When designing systems, there is no one size fits all solution.
That's because these systems need be used in different contexts and therefore need to showcase different characteristics.
The same goes for the offline characteristic of software capabilities. There is a spectrum of online / offline needs that each require a different design.
Here are my recommendations, when it comes to architectural styles for designing systems that need to run offline:
- For always online capabilities, use the CQRS architectural style.
- For capabilities that run always offline, consider client side event sourcing
- When a capability needs to deal with occasional network drops, augment the CQRS architecture architecture with the cache aside and the store and forward patterns
- When a capabilitiy needs to go online occasionally, augment the client side event sourcing pattern with replication
Changing contexts
These style recommendations are very usefull when you know the exact context that a capability will be used in.

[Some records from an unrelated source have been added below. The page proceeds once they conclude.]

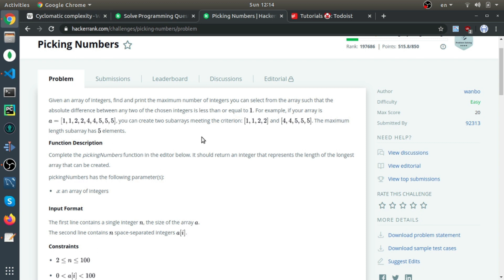That's why in the second subset they choose all occurrences of four and five — the difference between four and five is one, and four minus four and five minus five are both zero. So the key insight is to know how many times each number appears in the array. The maximum subset size is either the count of the most frequent number, or that count plus the count of the adjacent number (differing by one). Here, occurrences of five plus occurrences of four equals the answer: five.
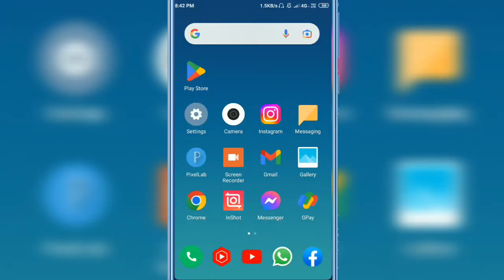Hi everyone, in this video I'm going to show you how to turn off auto start apps in any Xiaomi Redmi and Mi mobile.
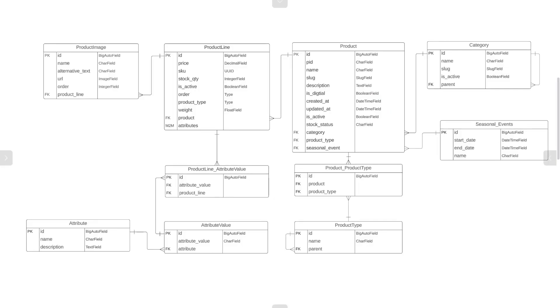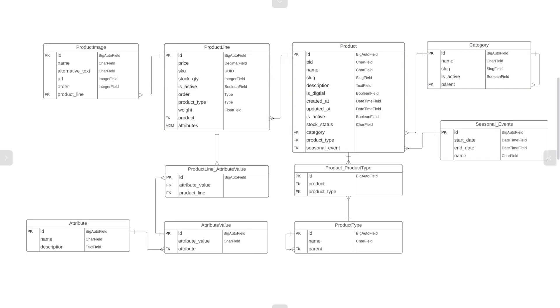In this module of the course, we are going to be building this database. What you're looking at here is a database ERD which describes the tables, the fields, the data types and relationships between the tables that we have defined for this database.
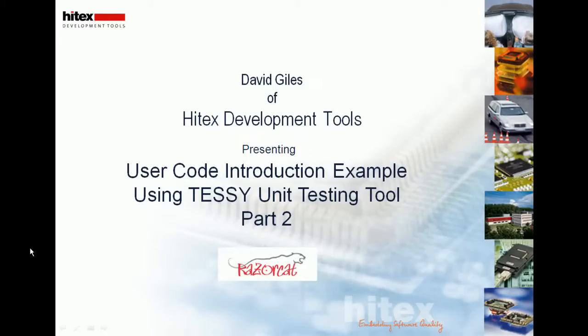Hi, this is David Giles of Hitex Development Tools, and this is a short introduction to using user code within the Tessie Unit Testing Tool. This is part two of two.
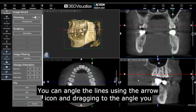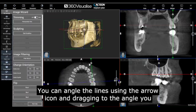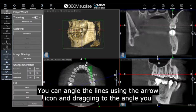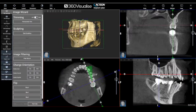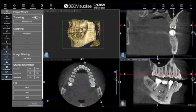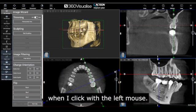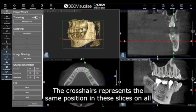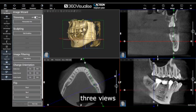You can angle the lines using the arrow icon and dragging to the angle you need. When I click with the left mouse, the crosshairs represent the same position in these slices on all three views.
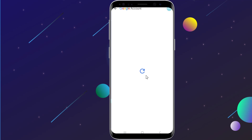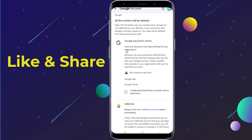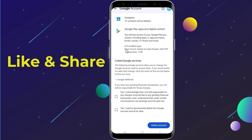You'll be asked to sign in to your Google account for security purposes. Read the information carefully, as deleting your Google account will erase all data associated with it, including emails, contacts, and documents stored in Google services like Drive and Photos.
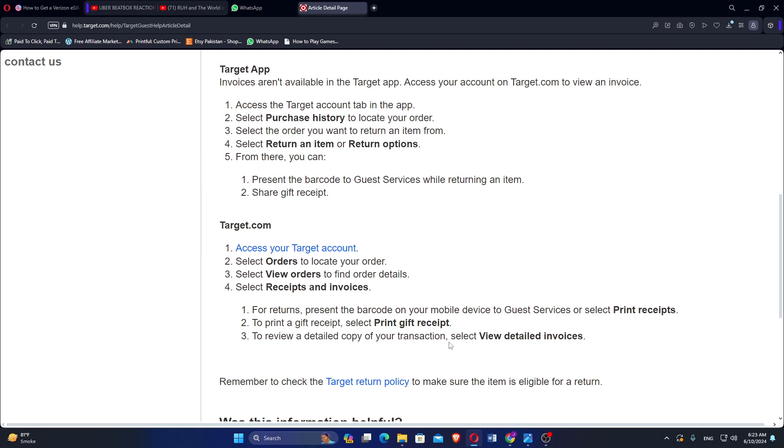Access your Target account. Select Orders to locate your order. Select View Orders to find order details. Select Receipts and Invoices.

Certain capabilities however will be used in different contexts and need to adapt their behavior accordingly.
One such example in ClubManagement is booking orders in the fundraising capability.
When people book orders there are 3 possible contexts that this capability is used in
- Always online: When people place their orders via the club website, remote validation is required to prevent them from cheating (e.g. by adjusting item prices). Therefor CQRS is the best style to use in this context.
- Occasionally offline/Occasionally online: When the fundraising manager is booking orders on behalf of other people via her administrative app, then validation can happen on the client side. As I can trust this person, as she is working on orders for her own club and has full control of the data anyway, the design could gravitate more to the occasionally online side of the spectrum. Yet near realtime feedback of incoming orders is desired.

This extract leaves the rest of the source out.